Liberal Democrat councillors Ann Raistrick, Kath Pinnock and Andrew Pinnock have already collected 500 names calling on the Council to buy up land once occupied by the Savoy Cinema and dubbed the "bomb site".

The owners, Berkshire-based Bastion House, have given assurances that talks are taking place between the company and a national convenience store chain interested in opening on the site.

But the councillors say that people living in Cleckheaton are tired of waiting for development.

Coun Raistrick said: "If a development is in the pipeline, then that is all well and good. But we have heard it all before.

"We have been waiting for seven years and we've been told of countless plans for the site which never happen."

The petition, which has been distributed to shops and campaigners in Cleckheaton, calls upon Kirklees Council to either negotiate with the land's owners or make a compulsory purchase order.

They want to see the area in Bradford Road levelled and the hoardings taken down - or the area transformed into a piazza-style market with an injection of regeneration cash.

Planning permission already exists to create a market or build four retail shops and a 13-space car park on the site.

David Brackenridge, of Leeds-based chartered surveyors and property consultants Brackenridge, Hanson and Tate, the agents for the owners, said a British convenience store chain was still deliberating whether to build a shop on the site.

He said: "We cannot reveal the identity of the company but we would expect a decision in about two weeks. Their estates team is happy with it and it now has to go before the company's board."

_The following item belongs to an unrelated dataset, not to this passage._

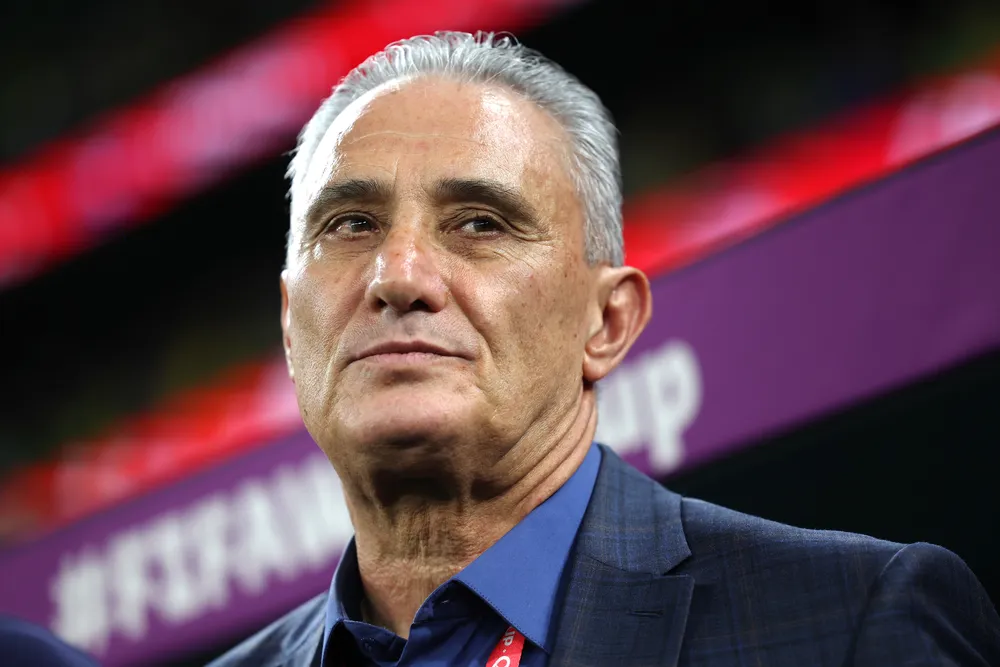 Cruzeiro age rápido e assina com Tite para 2026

Residents and shop owners had complained about the state of the site which has suffered from vandalism and fly tipping.

Coun Raistrick said the campaigners planned to present the petition to a full meeting of Kirklees Council in November.

A spokesman for the council's property department said that before a compulsory purchase order could be granted it would have to be proved that the site's owners were making no attempt to develop it.